:: EXERCISE MATERIAL
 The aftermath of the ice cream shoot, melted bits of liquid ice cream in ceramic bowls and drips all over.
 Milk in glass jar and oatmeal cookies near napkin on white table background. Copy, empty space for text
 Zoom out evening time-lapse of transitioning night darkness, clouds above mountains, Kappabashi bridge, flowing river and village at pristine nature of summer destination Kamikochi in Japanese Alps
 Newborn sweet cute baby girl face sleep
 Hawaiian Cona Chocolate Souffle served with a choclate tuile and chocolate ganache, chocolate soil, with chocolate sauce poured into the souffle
::::
Produce the records once again, exactly as they stand above.

 The aftermath of the ice cream shoot, melted bits of liquid ice cream in ceramic bowls and drips all over.
 Milk in glass jar and oatmeal cookies near napkin on white table background. Copy, empty space for text
 Zoom out evening time-lapse of transitioning night darkness, clouds above mountains, Kappabashi bridge, flowing river and village at pristine nature of summer destination Kamikochi in Japanese Alps
 Newborn sweet cute baby girl face sleep
 Hawaiian Cona Chocolate Souffle served with a choclate tuile and chocolate ganache, chocolate soil, with chocolate sauce poured into the souffle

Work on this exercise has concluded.